Main Street Gourmet developed its waste reduction program internally, and it made the most of its most valuable assets–its employees.
“The No. 1 thing is to get employee buy-in, and to reward the employees who provide the ideas and implement the savings,” Marks explains. “You need to be very good at communicating the concept to everyone and make sure they understand the ramifications. Once you get them started, it opens a lot of doors.”
Continue on next page
And once those doors are open, everyone will want to come in.
“Customers want to do business with partners who support sustainability. Consumers want to buy products from companies that ‘get it.’ And employees want to work for companies that respect and preserve the world around them,” Buino says. “Everyone is realizing we can minimize the impact on the environment, help society and increase revenue and profit all at the same time.”
HOW TO GET STARTED
Kai Robertson is the director of food, beverage and agriculture practice advisory services for Business for Social Responsibility (BSR), a consulting firm that helps companies develop socially responsible programs. These are his recommendations to companies looking to start a waste reduction program.
• Start by conducting a waste inventory in order to identify the various waste types, sources, current costs and disposal methods. One of the key questions to begin with is defining what ‘waste’ is for a company. Many leading companies are taking a lifecycle perspective and looking all the way back to raw materials through to end-of-life use. This cradle-to-cradle thinking is necessary but most companies begin by looking first at their facilities and processes over which they have direct control.

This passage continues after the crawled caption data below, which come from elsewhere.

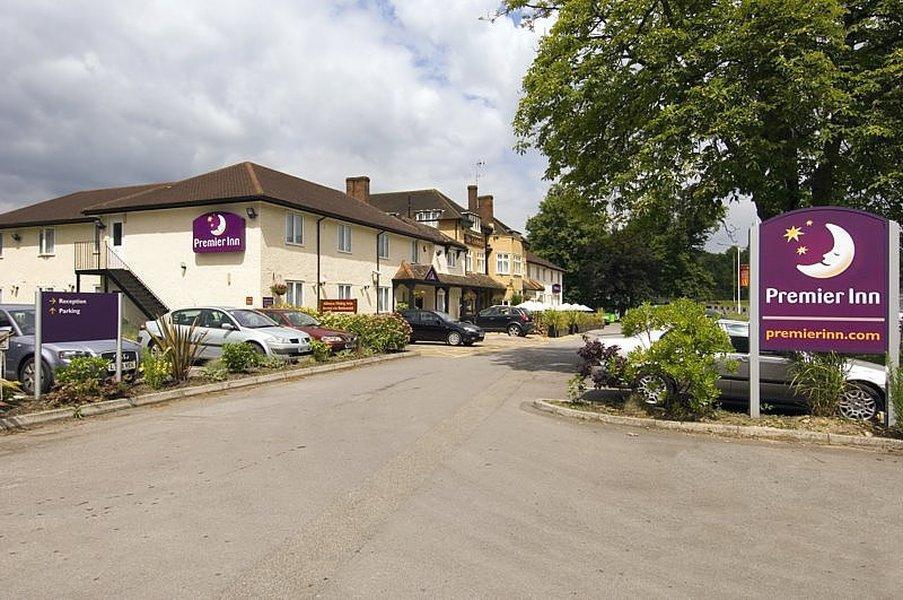 Premier Inn Premier Inn Bagshot Exterior foto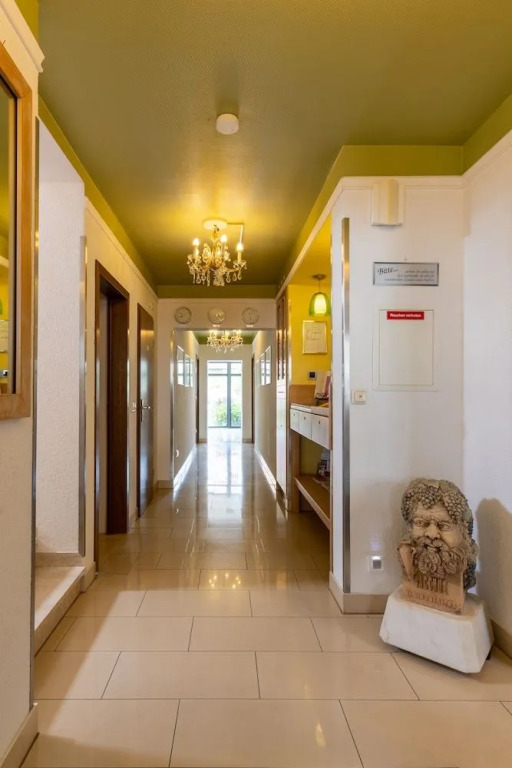 Gasper Business & Garden Hotel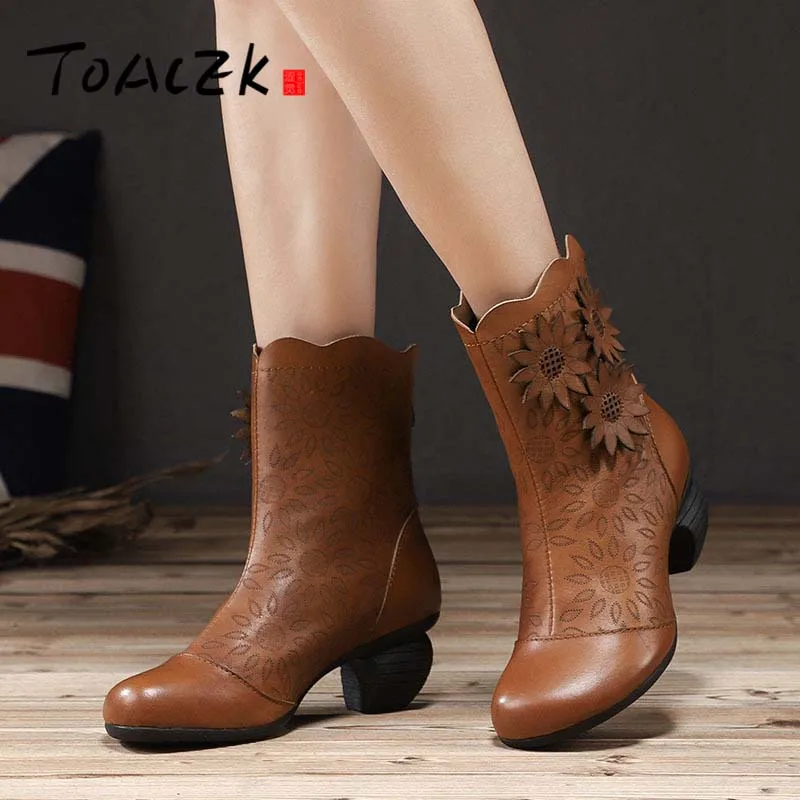 

Autumn and winter new retro flowers in the boots children's leather comfortable leather tube single boots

• Engage with other organizations. Food processors are not in control of their own waste disposal streams, so working with government agencies, suppliers and non-governmental organizations is critical to ensure the infrastructure and incentives support an increase in recovery and recycling rates.
• Benchmark peer companies, and leading companies in other sectors to not only learn from others but also identify areas where collaboration may be needed to overcome common obstacles.
• Understand key customer and supplier issues and needs. When BSR starts working with a company that wants to reduce waste, it asks three questions. Companies developing a waste reduction program internally also should ask these questions of themselves:
• What are your waste streams?
• What are your objectives?
• What are your customers asking for and doing themselves?
BSR recommends companies begin by taking an inventory of their current waste. “Laying out a ‘waste map’ of sorts enables a company to prioritize where to focus, based on what has the greatest potential for impact (i.e., reducing costs and supporting other goals) and is of greatest concern to its different stakeholders,” Robertson explains.